Starting with the first line of the data that follows, transcribe every line verbatim until the line containing "Indian Bride - Hibiscus" has been transcribed.

- Opening Delimiter -

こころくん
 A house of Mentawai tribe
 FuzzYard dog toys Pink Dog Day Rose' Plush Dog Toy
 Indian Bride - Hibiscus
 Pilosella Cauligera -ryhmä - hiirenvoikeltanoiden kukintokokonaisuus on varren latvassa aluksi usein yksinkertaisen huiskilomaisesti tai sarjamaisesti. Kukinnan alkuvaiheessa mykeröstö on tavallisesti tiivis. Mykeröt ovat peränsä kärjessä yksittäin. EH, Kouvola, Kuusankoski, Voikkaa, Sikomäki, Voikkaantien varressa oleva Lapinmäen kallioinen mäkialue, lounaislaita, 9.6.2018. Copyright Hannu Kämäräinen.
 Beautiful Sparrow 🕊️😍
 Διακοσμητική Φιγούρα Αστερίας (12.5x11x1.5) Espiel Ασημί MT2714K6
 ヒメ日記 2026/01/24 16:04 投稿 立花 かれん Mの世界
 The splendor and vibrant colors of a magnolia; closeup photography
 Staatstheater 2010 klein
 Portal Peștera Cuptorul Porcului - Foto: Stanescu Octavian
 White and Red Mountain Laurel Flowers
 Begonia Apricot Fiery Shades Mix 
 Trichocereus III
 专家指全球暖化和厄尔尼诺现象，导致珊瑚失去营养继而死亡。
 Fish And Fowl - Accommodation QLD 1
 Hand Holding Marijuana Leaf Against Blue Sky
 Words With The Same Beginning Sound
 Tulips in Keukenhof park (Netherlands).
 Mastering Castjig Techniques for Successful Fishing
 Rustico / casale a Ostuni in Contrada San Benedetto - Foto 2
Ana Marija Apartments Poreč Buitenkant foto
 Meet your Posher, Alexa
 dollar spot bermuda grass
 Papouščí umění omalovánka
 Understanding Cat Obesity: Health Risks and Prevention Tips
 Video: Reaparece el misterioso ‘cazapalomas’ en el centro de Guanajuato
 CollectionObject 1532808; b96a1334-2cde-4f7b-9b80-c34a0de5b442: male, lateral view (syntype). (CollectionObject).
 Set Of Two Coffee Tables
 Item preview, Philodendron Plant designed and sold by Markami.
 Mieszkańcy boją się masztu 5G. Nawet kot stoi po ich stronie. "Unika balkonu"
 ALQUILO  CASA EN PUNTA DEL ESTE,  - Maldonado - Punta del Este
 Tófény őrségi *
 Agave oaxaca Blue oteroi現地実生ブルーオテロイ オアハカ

- Closing Delimiter -

**Answer**
こころくん
 A house of Mentawai tribe
 FuzzYard dog toys Pink Dog Day Rose' Plush Dog Toy
 Indian Bride - Hibiscus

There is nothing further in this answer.